Thirty Days of CCS #22: Chuck Forsman

I covered a couple of his minis earlier in this month's worth of features, but the arrival of Forsman's second Fantagraphics book, Celebrated Summer, certainly is worthy of another article on him. Interestingly, he had completed this book prior to starting The End of the Fucking World and Oily Comics in general. TEOTFW was in some ways a reaction to the kind of storytelling he was doing in Celebrated Summer, a book that in turn sprang from a minicomic about the lead character, Wolf.  One can see the differences between the two, as Celebrated Summer is denser in terms of the art and far more internalized in terms of its emotions. The story follows Wolf and his friend Mike as they drop acid and go on a road trip after high school ends. Unlike TEOTFW, which is all about dramatic decisions, heightened experiences and young people who go to extreme measures in an effort to escape their lives, Celebrated Summer instead focuses on quiet desperation and confusion.
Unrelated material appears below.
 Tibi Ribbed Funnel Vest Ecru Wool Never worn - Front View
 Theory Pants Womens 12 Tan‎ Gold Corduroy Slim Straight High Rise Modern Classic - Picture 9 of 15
It's clear that the acid trip and the road trip are a means to try to escape, to experience thrills and to take a shortcut to the kind of adventures experienced by the kind of people who inhabited the world of TEOTFW. Of course, Mike and Wolf soon realize that LSD is not a drug that lets its users run away from their fears and tensions--it only heightens them. Forsman has total control over his line and his visual vocabulary in this story, propelling the duo (drawn in that Charles Schulz/Dik Browne mode) into a psychedelic state that is as accurately drawn as anything I've read about this drug experience. It's not just warped visual perception but rather the removal of sensory filters that allow us to go about our day. That results in Mike getting lost in rapt fascination looking at a bush or Wolf staring into a mirror, following along with the visual distortions and hallucinations that occur.  When a cityscape starts to warp, Wolf wisely and fearfully advises, "Just keep driving".

Of course, the drug trip, realistically as it is portrayed, is just a backdrop for talking about the relationship between Mike and Wolf and their own frequently unstated insecurities. Wolf is a big kid taught to restrain himself, and that he is being raised soley by his grandmother undoubtedly has everything to do with his difficulty connecting to others. He alludes to when "his mother started pulling away" while giving no other details, but that quick marker tells us everything we need to know about his anxieties. Mike talks loud but has many insecurities of his own, especially regarding women and intimacy. It's not entirely clear why they're even friends, as Wolf frequently resents Mike's aggression. Dropping acid has the potential to be a powerful bonding experience, because as Forsman demonstrates your acid buddy is going through the same kind of experience and looking at the world with the same set of perceptual filters being thrown out the window. However, Forsman shows that it's also an isolating experience, as communication becomes even more difficult.

The central metaphor of the book is the circle. Wolf sees images turn into circle, inverting black and white. He talks about his thoughts running in circles. The entire experience feels self-referential, as he constantly thinks about his childhood fears looping into his adult fears. Later, he loops back to the acid experience itself, regretting the loss of time, the lack of living in the moment.  It's a plea for wanting to be able to isolate moments instead of the inevitable sense of living in a headlong, rushing stream of experience. If anything, the acid trip explodes their sense of alienation: from society in general, from each other and from their own selves.